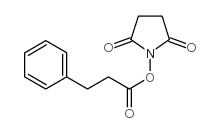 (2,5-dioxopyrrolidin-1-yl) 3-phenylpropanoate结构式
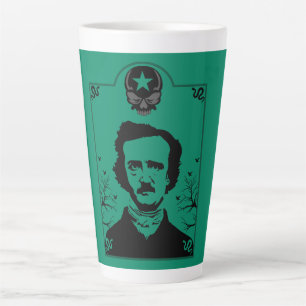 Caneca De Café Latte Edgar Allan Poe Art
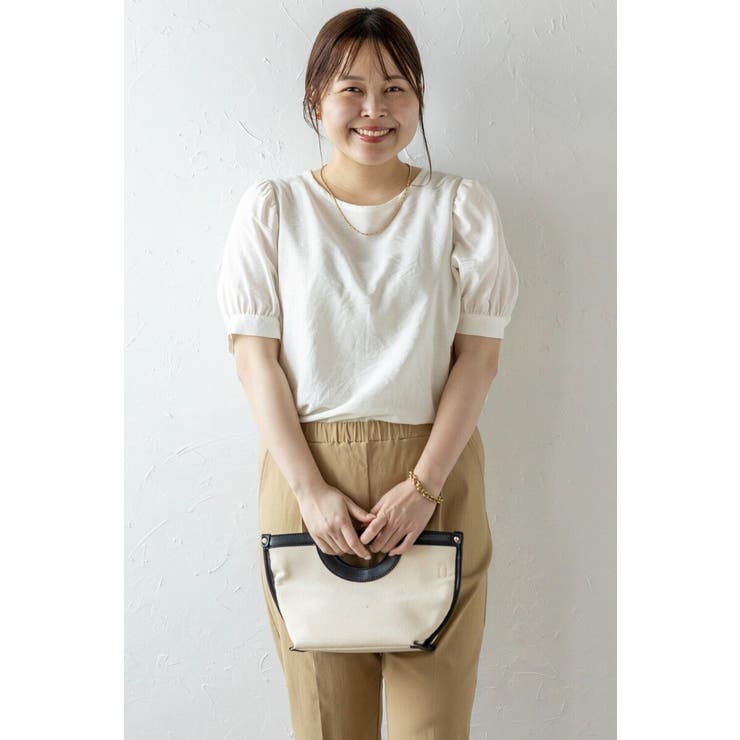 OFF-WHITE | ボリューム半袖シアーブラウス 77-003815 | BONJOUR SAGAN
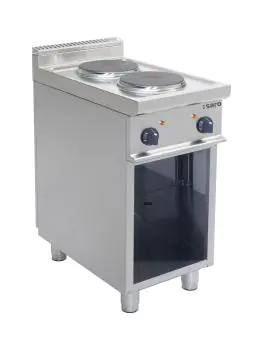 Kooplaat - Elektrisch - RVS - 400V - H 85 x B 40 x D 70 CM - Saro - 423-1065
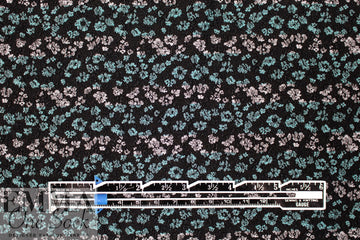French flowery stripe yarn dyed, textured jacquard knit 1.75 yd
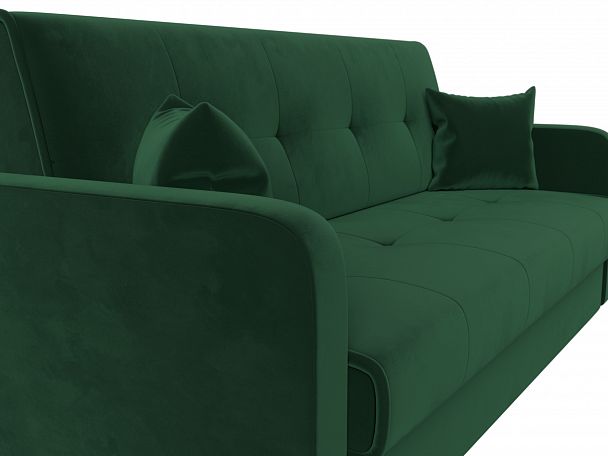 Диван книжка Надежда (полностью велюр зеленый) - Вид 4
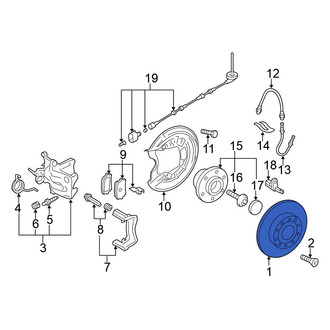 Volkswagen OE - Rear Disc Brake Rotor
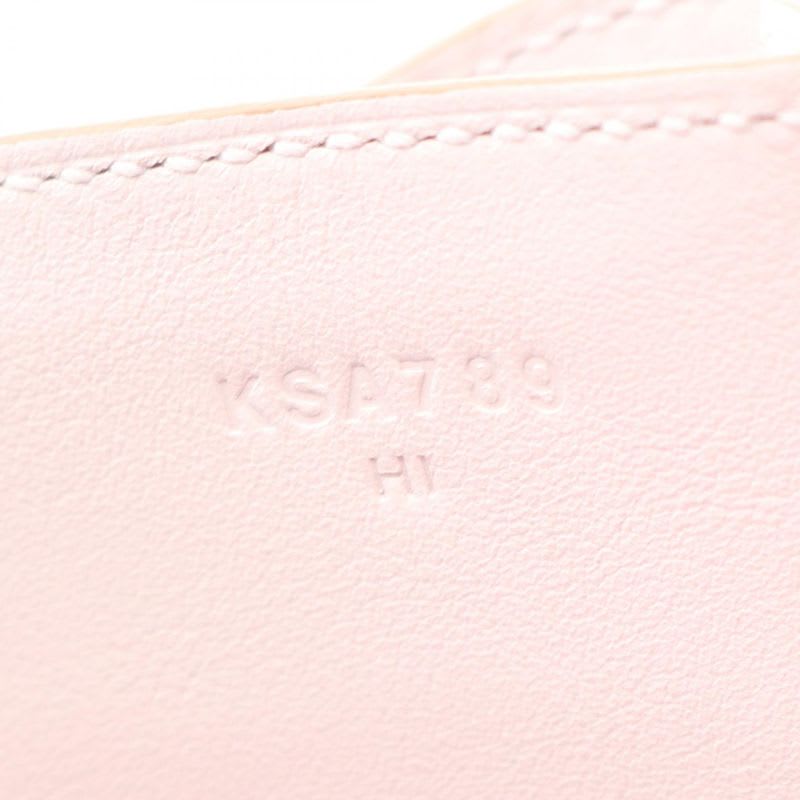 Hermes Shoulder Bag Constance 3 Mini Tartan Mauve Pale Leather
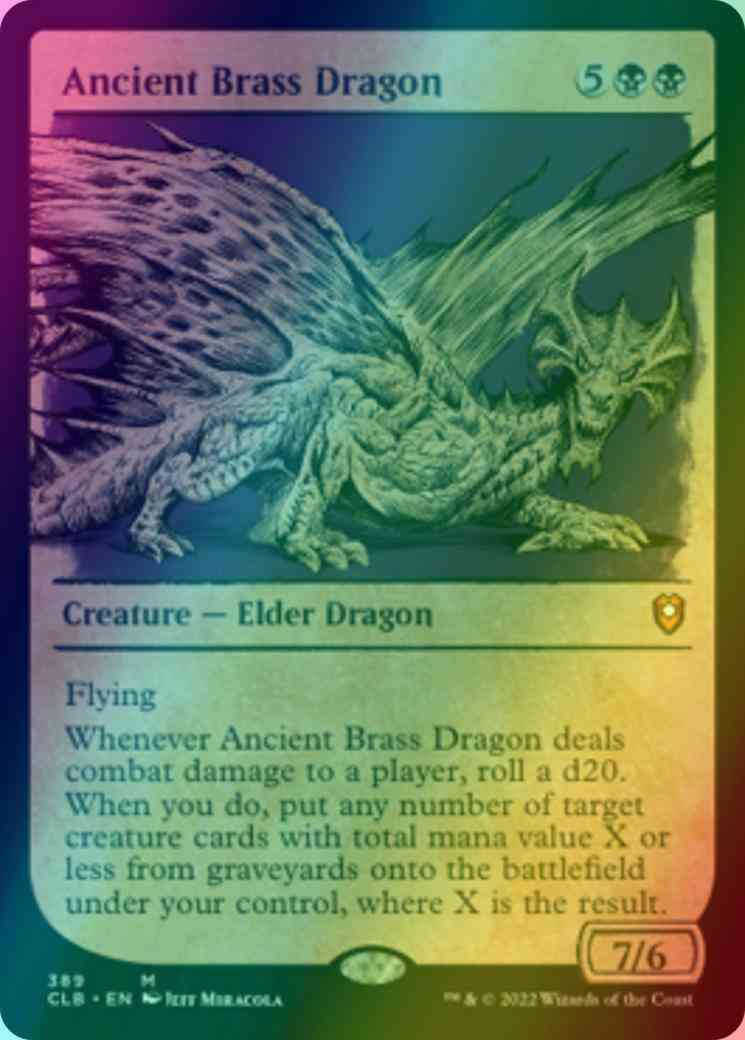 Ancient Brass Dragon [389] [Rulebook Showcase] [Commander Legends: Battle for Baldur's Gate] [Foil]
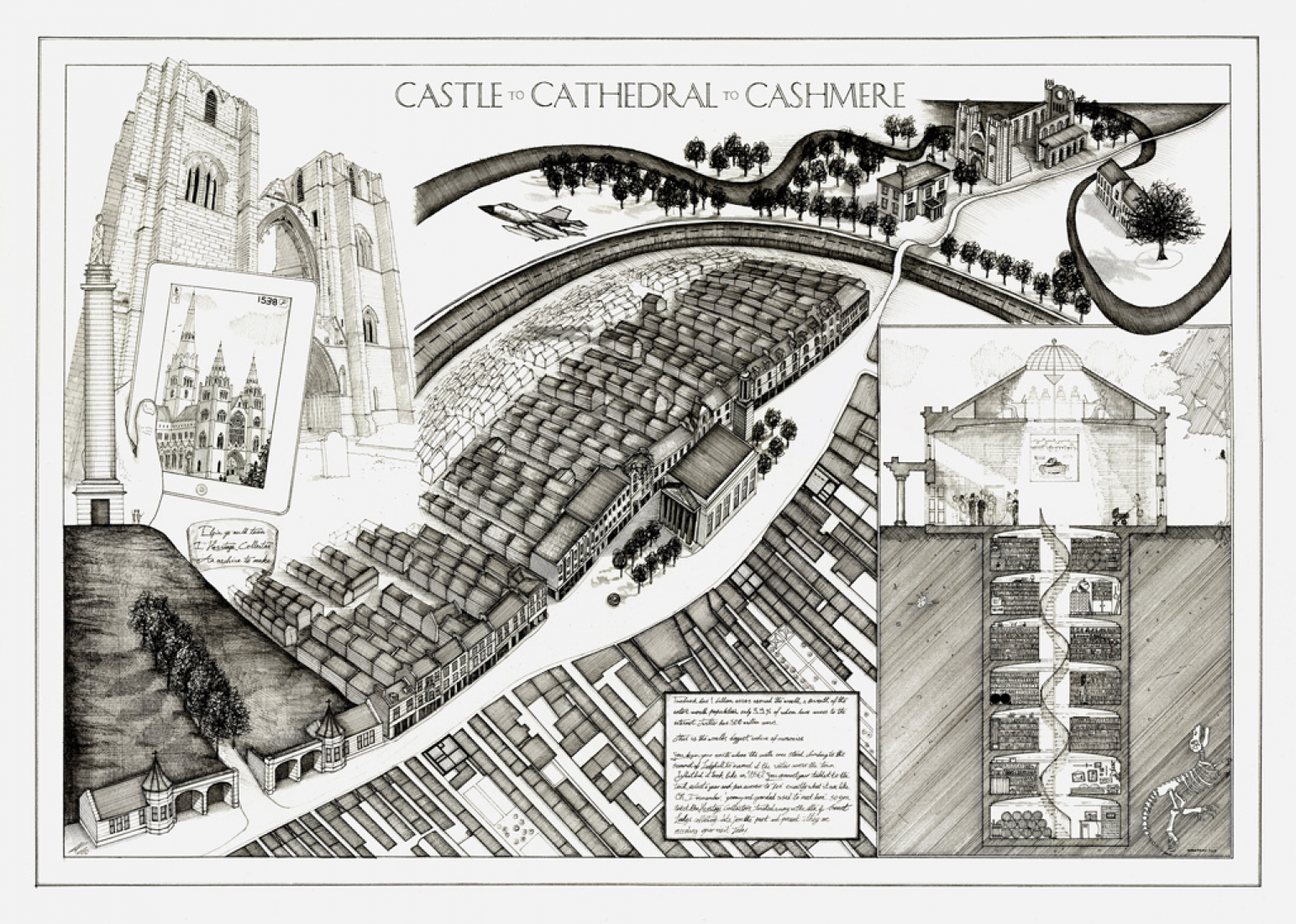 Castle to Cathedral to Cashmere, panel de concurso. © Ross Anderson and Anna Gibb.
==
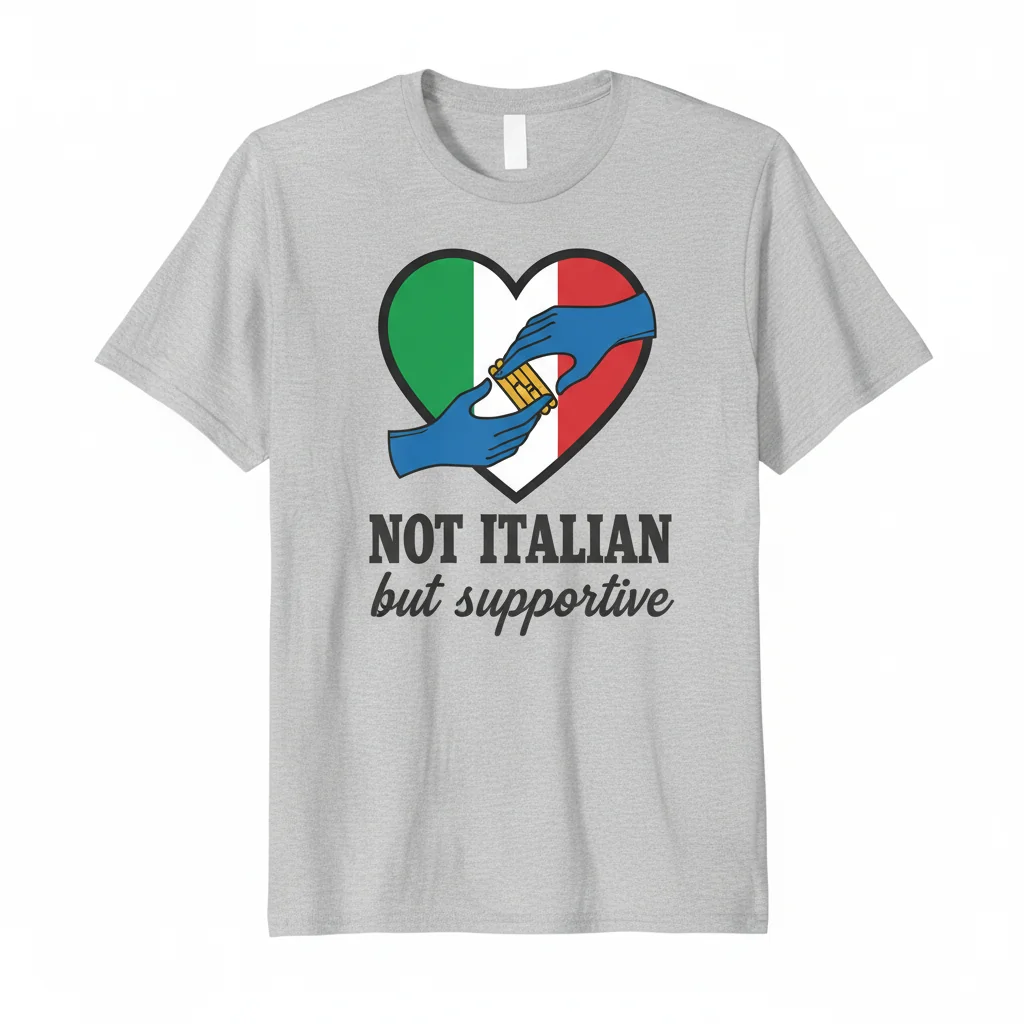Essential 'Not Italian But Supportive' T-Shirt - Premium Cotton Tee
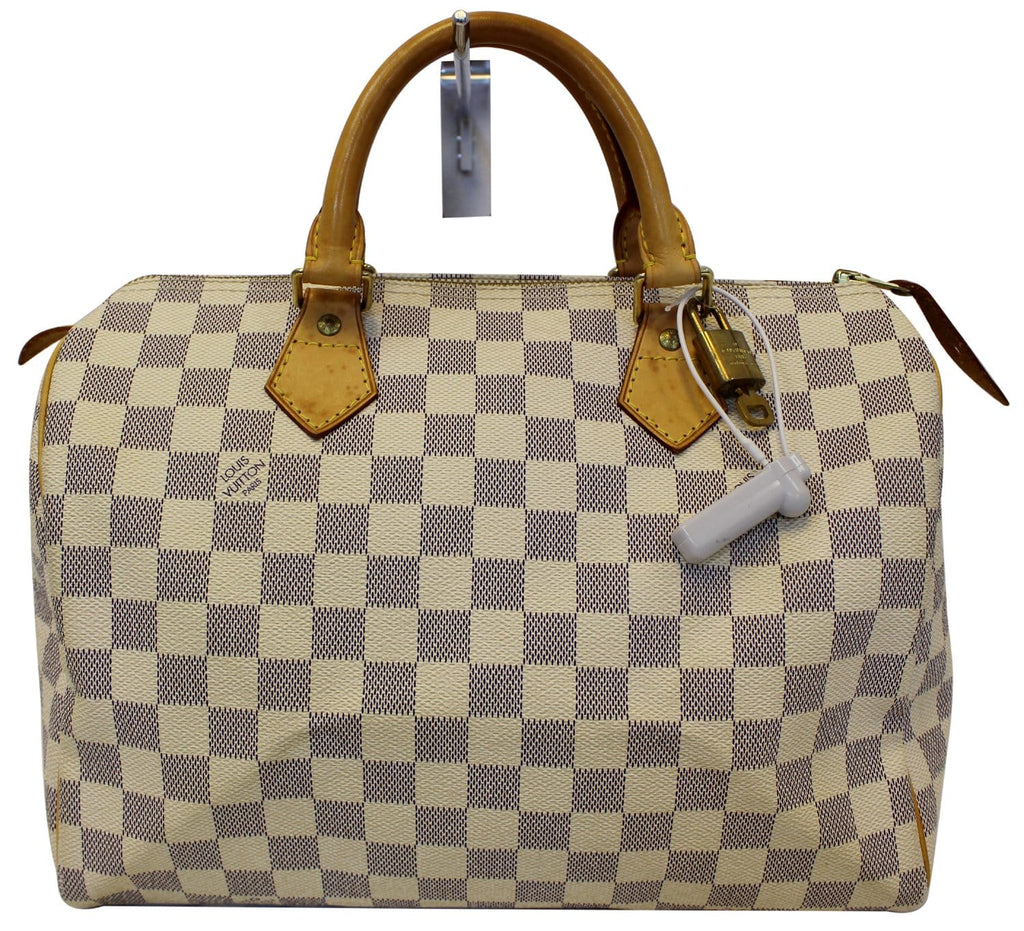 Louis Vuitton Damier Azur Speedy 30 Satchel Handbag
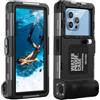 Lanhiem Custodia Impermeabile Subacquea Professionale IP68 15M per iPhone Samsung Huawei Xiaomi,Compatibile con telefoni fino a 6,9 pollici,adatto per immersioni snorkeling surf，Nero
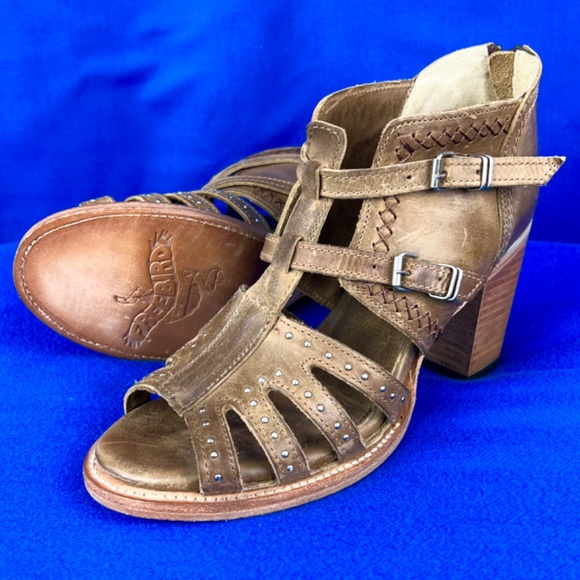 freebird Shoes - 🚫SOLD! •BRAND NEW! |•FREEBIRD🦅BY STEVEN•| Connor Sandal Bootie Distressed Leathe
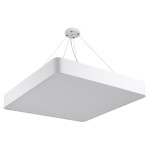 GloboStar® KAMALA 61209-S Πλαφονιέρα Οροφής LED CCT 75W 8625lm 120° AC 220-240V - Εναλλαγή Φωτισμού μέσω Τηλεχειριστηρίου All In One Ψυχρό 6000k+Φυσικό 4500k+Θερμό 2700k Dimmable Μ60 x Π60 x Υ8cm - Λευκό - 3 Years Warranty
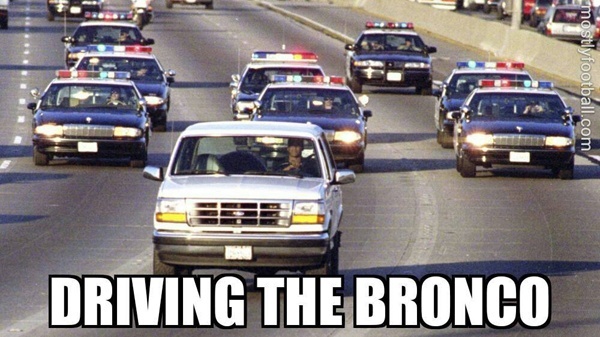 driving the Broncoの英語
...
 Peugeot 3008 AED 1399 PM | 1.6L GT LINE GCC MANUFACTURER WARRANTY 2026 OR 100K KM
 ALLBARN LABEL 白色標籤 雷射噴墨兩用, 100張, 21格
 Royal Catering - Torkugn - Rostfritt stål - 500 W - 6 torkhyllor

Directions for this task: In the data above, find the line with "(2,5-dioxopyrr" and the line with "Castle to Cathedral". Please copy exactly those two lines and every line between them, but not the pictures.

Task result:
 (2,5-dioxopyrrolidin-1-yl) 3-phenylpropanoate结构式
 Caneca De Café Latte Edgar Allan Poe Art
 OFF-WHITE | ボリューム半袖シアーブラウス 77-003815 | BONJOUR SAGAN
 Kooplaat - Elektrisch - RVS - 400V - H 85 x B 40 x D 70 CM - Saro - 423-1065
French flowery stripe yarn dyed, textured jacquard knit 1.75 yd
 Диван книжка Надежда (полностью велюр зеленый) - Вид 4
 Volkswagen OE - Rear Disc Brake Rotor
 Hermes Shoulder Bag Constance 3 Mini Tartan Mauve Pale Leather
 Ancient Brass Dragon [389] [Rulebook Showcase] [Commander Legends: Battle for Baldur's Gate] [Foil]
 Castle to Cathedral to Cashmere, panel de concurso. © Ross Anderson and Anna Gibb.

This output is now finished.